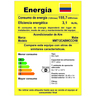 Aire Acondicionado Convencional 110 V 12000 BTUs Blanco Mabe - MMT12CABWCCCHI8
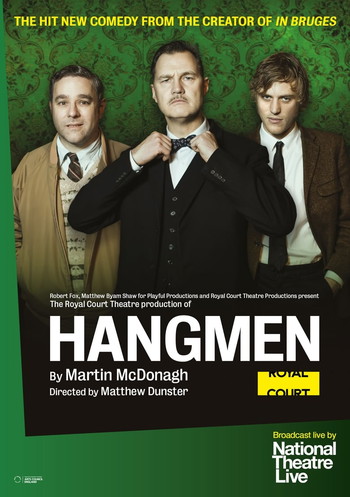 Постер до фільму «National Theatre Live: Hangmen»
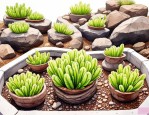 2025年生石花分株的方法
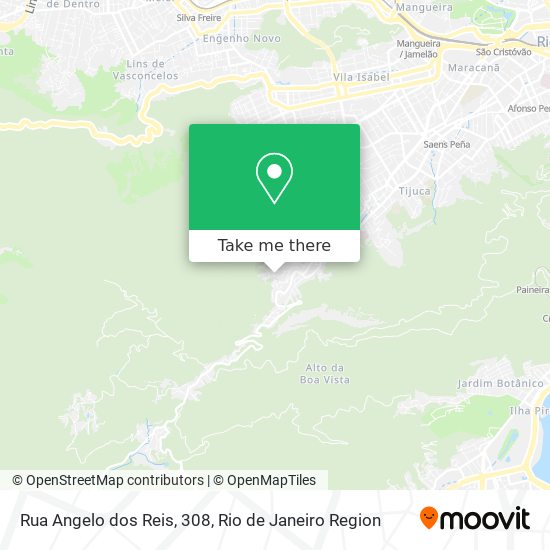 Rua Angelo dos Reis, 308 map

Work item =>
Word for word, reproduce all the data, but not the pictures.

Your response =>
 Aire Acondicionado Convencional 110 V 12000 BTUs Blanco Mabe - MMT12CABWCCCHI8
 Постер до фільму «National Theatre Live: Hangmen»
 2025年生石花分株的方法
 Rua Angelo dos Reis, 308 map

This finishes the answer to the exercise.